The difficulty adjustment partially compensates. If miners capitulate and hashrate drops, the network's difficulty falls in the next adjustment (two weeks later), which restores profitability for the remaining miners. The industry grinds through each halving by shedding its weakest operators.

This is why the halving is sometimes described as a stress test. A halving with a strong bull run is tolerable. A halving that lands in a bear market — as 2018 and 2022 almost did — can push half the industry into bankruptcy. The 2024 halving coincided with spot ETF approval, which cushioned the economics dramatically; not every halving will be so lucky.

Long-term implications

The halving locks in Bitcoin's disinflationary trajectory. The current annual issuance is about 1.65 percent. After the 2028 halving, it drops to about 0.8 percent. By 2032, it is roughly 0.4. The supply curve flattens into a hard cap asymptotically.

For long-term holders, this is the entire Bitcoin thesis: a digital asset whose supply schedule is fixed, public, and governed by protocol rather than policy. No central bank can print more. No government can dilute holders. The halving is the visible expression of that commitment — a scheduled event whose predictability is itself the feature.

Why it matters

The halving is one of the cleanest demonstrations of what monetary predictability looks like when it is enforced by code rather than committee.
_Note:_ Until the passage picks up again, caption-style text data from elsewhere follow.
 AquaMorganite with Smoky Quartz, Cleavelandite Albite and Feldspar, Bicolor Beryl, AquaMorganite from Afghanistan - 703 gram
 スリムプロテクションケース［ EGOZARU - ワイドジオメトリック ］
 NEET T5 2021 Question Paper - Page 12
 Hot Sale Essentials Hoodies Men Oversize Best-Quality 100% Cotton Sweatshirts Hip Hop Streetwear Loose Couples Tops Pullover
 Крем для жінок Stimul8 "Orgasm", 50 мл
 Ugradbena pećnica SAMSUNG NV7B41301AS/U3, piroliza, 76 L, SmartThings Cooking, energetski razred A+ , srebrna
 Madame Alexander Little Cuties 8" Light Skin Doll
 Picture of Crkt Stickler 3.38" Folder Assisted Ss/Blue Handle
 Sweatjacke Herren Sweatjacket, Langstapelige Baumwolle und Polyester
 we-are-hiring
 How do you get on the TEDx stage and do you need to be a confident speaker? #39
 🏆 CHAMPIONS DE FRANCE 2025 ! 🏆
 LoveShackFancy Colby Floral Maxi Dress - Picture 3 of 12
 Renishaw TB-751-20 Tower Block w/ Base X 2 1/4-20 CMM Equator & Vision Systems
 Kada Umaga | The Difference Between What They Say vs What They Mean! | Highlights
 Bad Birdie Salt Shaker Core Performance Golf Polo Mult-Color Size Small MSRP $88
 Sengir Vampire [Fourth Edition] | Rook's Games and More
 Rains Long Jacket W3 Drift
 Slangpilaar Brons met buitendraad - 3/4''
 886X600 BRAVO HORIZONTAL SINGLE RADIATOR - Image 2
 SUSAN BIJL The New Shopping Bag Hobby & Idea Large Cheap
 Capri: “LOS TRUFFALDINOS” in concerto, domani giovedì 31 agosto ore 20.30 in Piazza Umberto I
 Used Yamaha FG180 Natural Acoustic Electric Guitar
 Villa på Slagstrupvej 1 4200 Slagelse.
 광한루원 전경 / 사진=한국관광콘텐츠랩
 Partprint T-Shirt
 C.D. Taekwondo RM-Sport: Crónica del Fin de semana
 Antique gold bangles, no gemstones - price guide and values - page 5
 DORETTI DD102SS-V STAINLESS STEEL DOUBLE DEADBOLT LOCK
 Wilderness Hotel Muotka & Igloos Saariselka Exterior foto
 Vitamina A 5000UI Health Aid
Fed rate decisions are unpredictable; Bitcoin's issuance schedule is public through 2140. Whether you believe Bitcoin is digital gold or a speculative asset, the halving is the mechanism that gives those debates their concrete terms. Every four years, it forces a conversation about supply, demand, and the difference between algorithmic and discretionary monetary policy — a conversation that now extends far beyond crypto.